(Short descriptive text snippets)
——

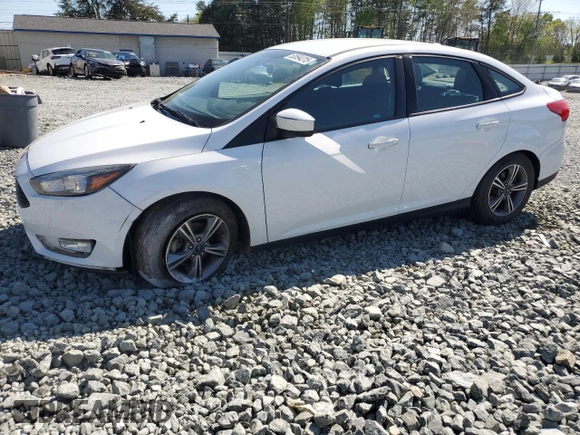 2018 Ford Focus SE with VIN 1FADP3FE4JL220247, listed as a Copart auction lot 52694315 with 25,285 mi miles and Salvage Title. Bid and sale history available at carsss.com. Image 1.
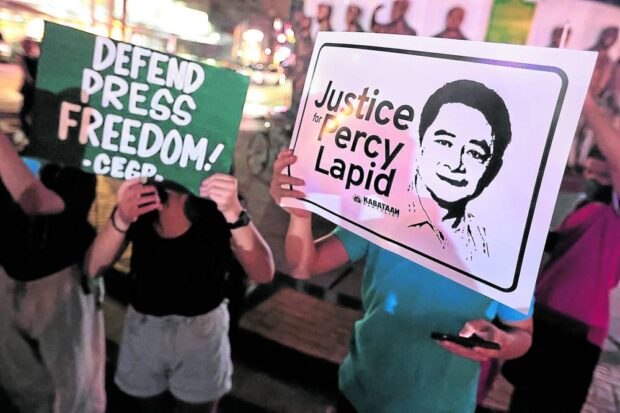 APPEAL In this Oct. 4, 2022, photo, activists and peace advocates stage an indignation rally in Quezon City to condemn the murder of broadcaster Percival “Percy Lapid” Mabasa. His relatives and their supporters have continued to cry out for justice as they mark Mabasa’s first death anniversary on Tuesday. —GRIG C. MONTEGRANDE 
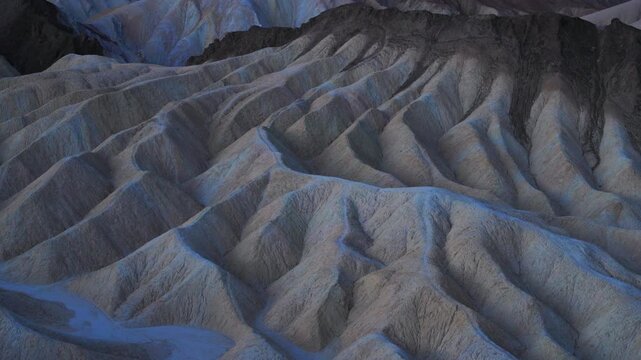 Dramatic Zabriskie Point in Death Valley in badlands formations display intricate ridges Layered sedimentary rock creates wave-like patterns across the barren desert landscape.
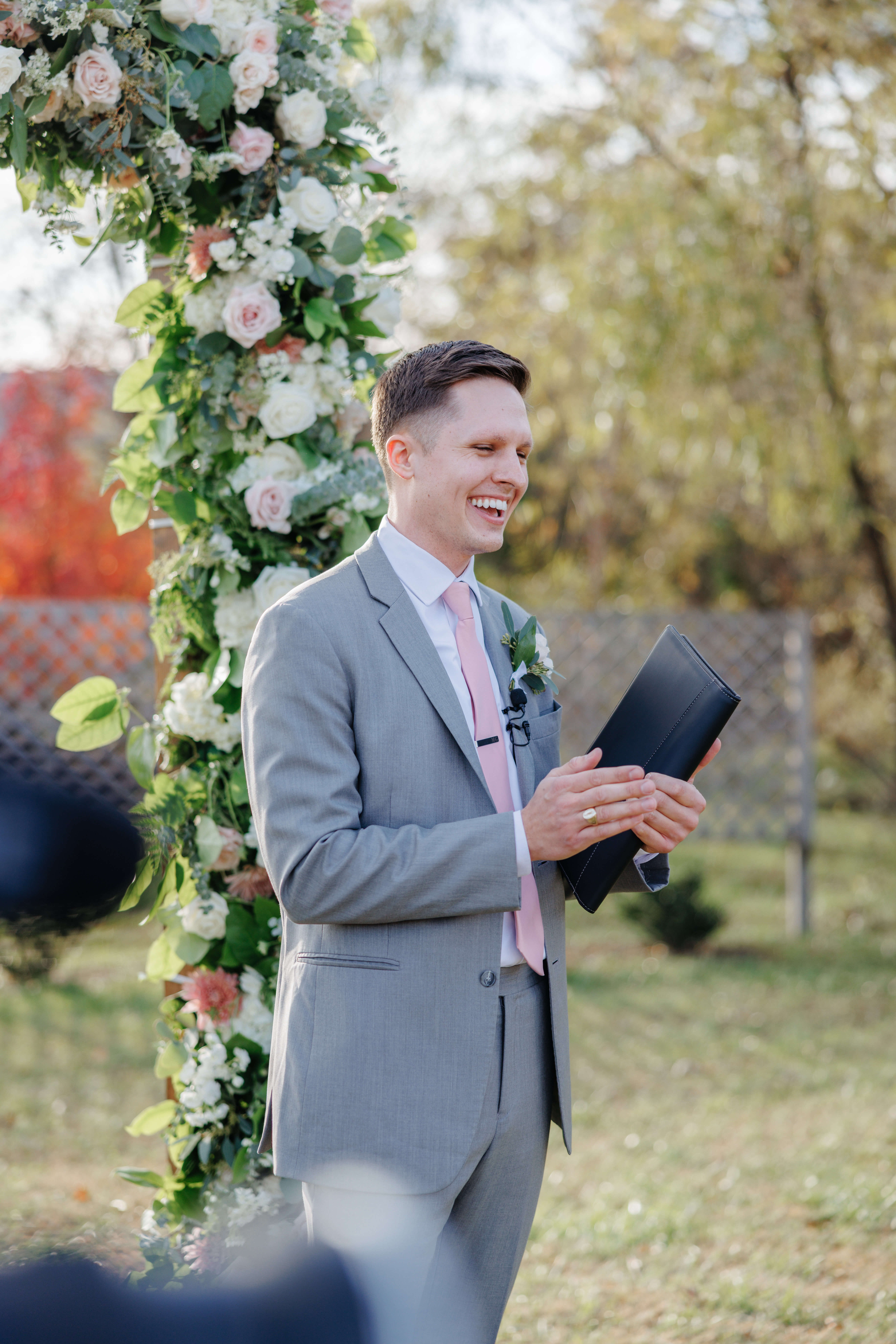 Valley Road Vineyard Fall Wedding 19 Officiant stands at altar in a grey suit with pink tie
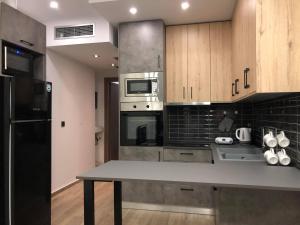 a kitchen with stainless steel appliances and wooden cabinets at M+V apartment in Alexandroupoli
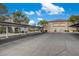 Exterior view of the community showing covered parking spaces and well-maintained landscaping at 7885 W Flamingo Rd # 2012, Las Vegas, NV 89147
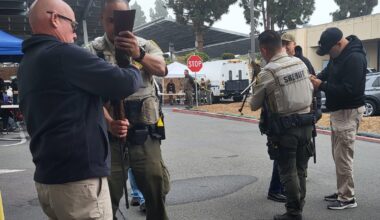 parole agents assist sheriff's office deputies in a gun safety buyback program in San Diego.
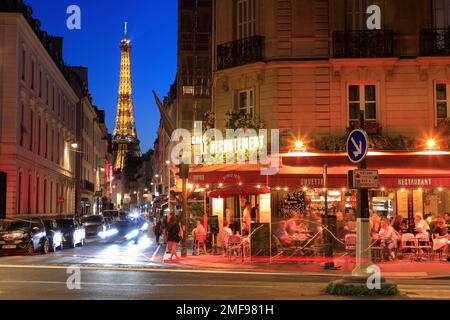 Vista notturna della Torre Eiffel e del Cafe le Recrutement, all'angolo tra Rue Saint-Dominique e Boulevard de la Tour-Maubourg, con veicoli al semaforo posteriore trails.Paris.France Foto Stock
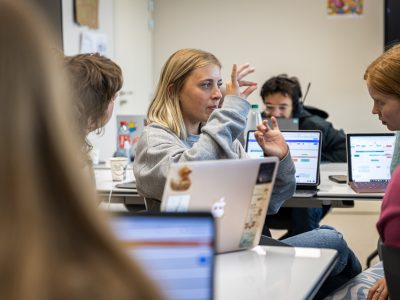 Students with their laptops. One of them is explaining somthing with her hands to her colleagues. Other studetns are looking at their computers.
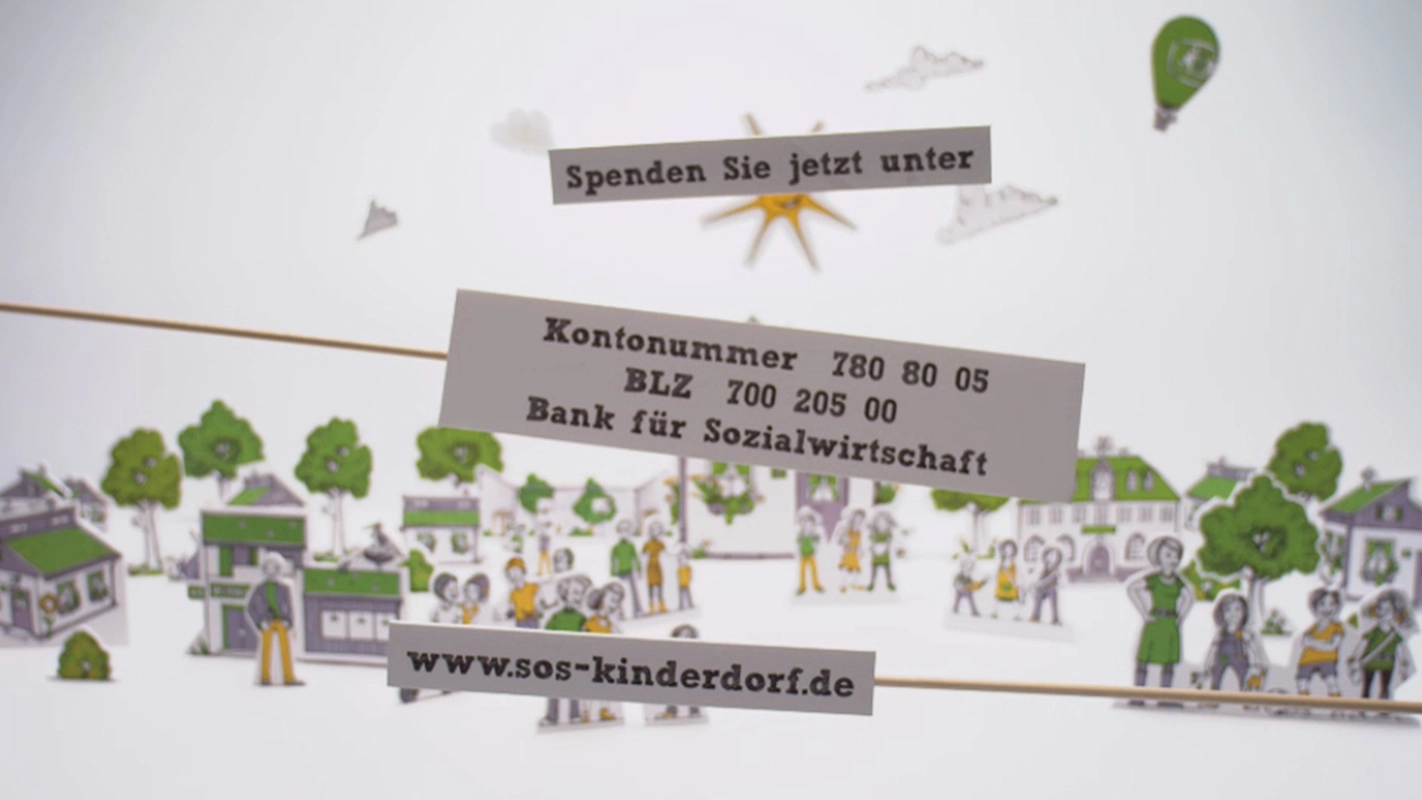 Erklärfilm der Filmproduktion Panda Pictures aus München und Ulm für SOS Kinderdorf. Ein animiertes Spendenkonto und eine Webseite sind über einer Kulisse aus Pappfiguren platziert.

——

## What needs to be done
Write out each entry above once more, exactly as written, and drop the pictures.

## Written response
 2018 Ford Focus SE with VIN 1FADP3FE4JL220247, listed as a Copart auction lot 52694315 with 25,285 mi miles and Salvage Title. Bid and sale history available at carsss.com. Image 1.
 APPEAL In this Oct. 4, 2022, photo, activists and peace advocates stage an indignation rally in Quezon City to condemn the murder of broadcaster Percival “Percy Lapid” Mabasa. His relatives and their supporters have continued to cry out for justice as they mark Mabasa’s first death anniversary on Tuesday. —GRIG C. MONTEGRANDE 
 Dramatic Zabriskie Point in Death Valley in badlands formations display intricate ridges Layered sedimentary rock creates wave-like patterns across the barren desert landscape.
 Valley Road Vineyard Fall Wedding 19 Officiant stands at altar in a grey suit with pink tie
 a kitchen with stainless steel appliances and wooden cabinets at M+V apartment in Alexandroupoli
 Exterior view of the community showing covered parking spaces and well-maintained landscaping at 7885 W Flamingo Rd # 2012, Las Vegas, NV 89147
 parole agents assist sheriff's office deputies in a gun safety buyback program in San Diego.
 Vista notturna della Torre Eiffel e del Cafe le Recrutement, all'angolo tra Rue Saint-Dominique e Boulevard de la Tour-Maubourg, con veicoli al semaforo posteriore trails.Paris.France Foto Stock
 Students with their laptops. One of them is explaining somthing with her hands to her colleagues. Other studetns are looking at their computers.
 Erklärfilm der Filmproduktion Panda Pictures aus München und Ulm für SOS Kinderdorf. Ein animiertes Spendenkonto und eine Webseite sind über einer Kulisse aus Pappfiguren platziert.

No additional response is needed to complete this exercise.